New Zealand Local Government Funding Agency is pleased to announce it has approved a Green and Social Loan to Hawke’s Bay Regional Council (HBRC) for its Infrastructure Resilience Programme - North Island Weather Event (NIWE), under the Climate Change Adaptation and Resilience category. 

The Hawke’s Bay region was among the hardest hit by Cyclone Gabrielle, which left a significant impact across the Hawke’s Bay region: lives were lost, families displaced, and the primary sector (vital to region’s economy) was devasted.  

This event left key flood protection infrastructure managed by HBRC severely damaged, and in some cases no longer fit for purpose. HBRC is now tasked to rebuild, strengthen, and future-proof flood mitigation systems so its communities are safer, stronger, and more resilient to climate change. 

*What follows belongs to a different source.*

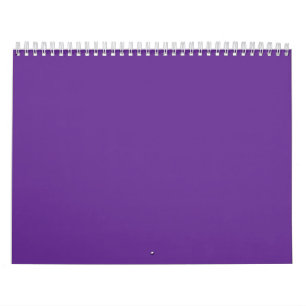 Calendrier Personnalisé 2-Page 2027 Élégan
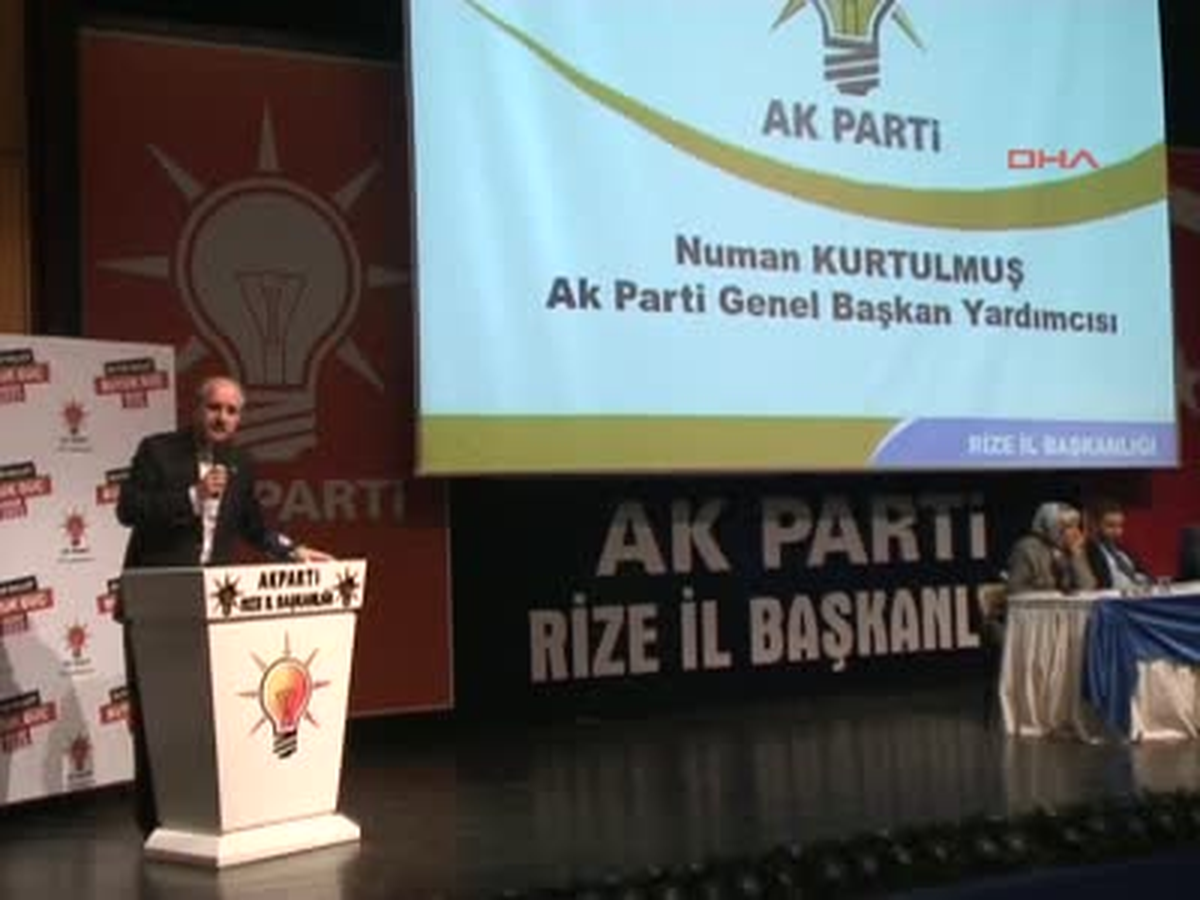 100 Kişi AK Parti\'ye Geçti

HBRC’s approach has been to create a NIWE programme of works, broken down into eleven key projects, each requiring a bespoke solution and tailored to its community’s unique needs and climate challenges. This programme is an important part of strengthening the region’s resilience, with the key goal of moving properties classified as Category 2C to Category 1, enabling landowners to rebuild, improve their insurability, restore value to their properties, and move forward.

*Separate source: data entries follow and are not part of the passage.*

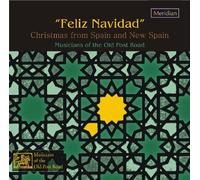 Musicians Of The Old Post Road - Feliz Navidad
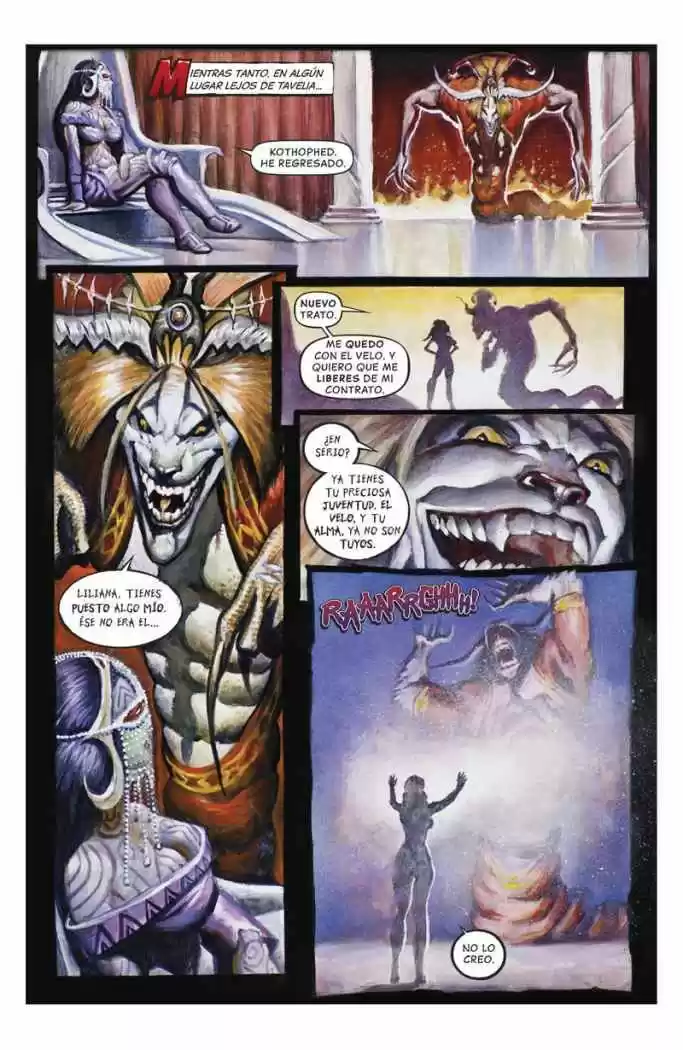 Planeswalker Chronicles - Capítulo 6 - Página 20 - LectorTMOo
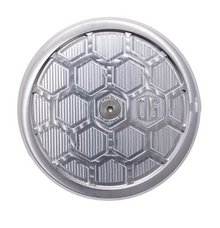 OG Round Air Cleaner Cover - HoneyComp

HBRC Chair Sophie Siers has extended Council’s gratitude to LGFA for its financial support of the NIWE programme.

“There is a synergy between what LGFA and HBRC are undertaking with the NIWE flood resilience programme in terms of its social improvements and the environmental benefits these important projects will deliver to our communities in Hawke’s Bay,” says Chair Siers. 

LGFA has financed Hawke’s Bay Regional Council’s portion of this programme with it being the first combined programme of works approved under LGFA’s Green and Social Loan programme.

Waiohiki

One of the 11 projects within the programme, the Waiohiki Project, is a stopbank focused on mitigating the impact of floodwaters on the local marae and community.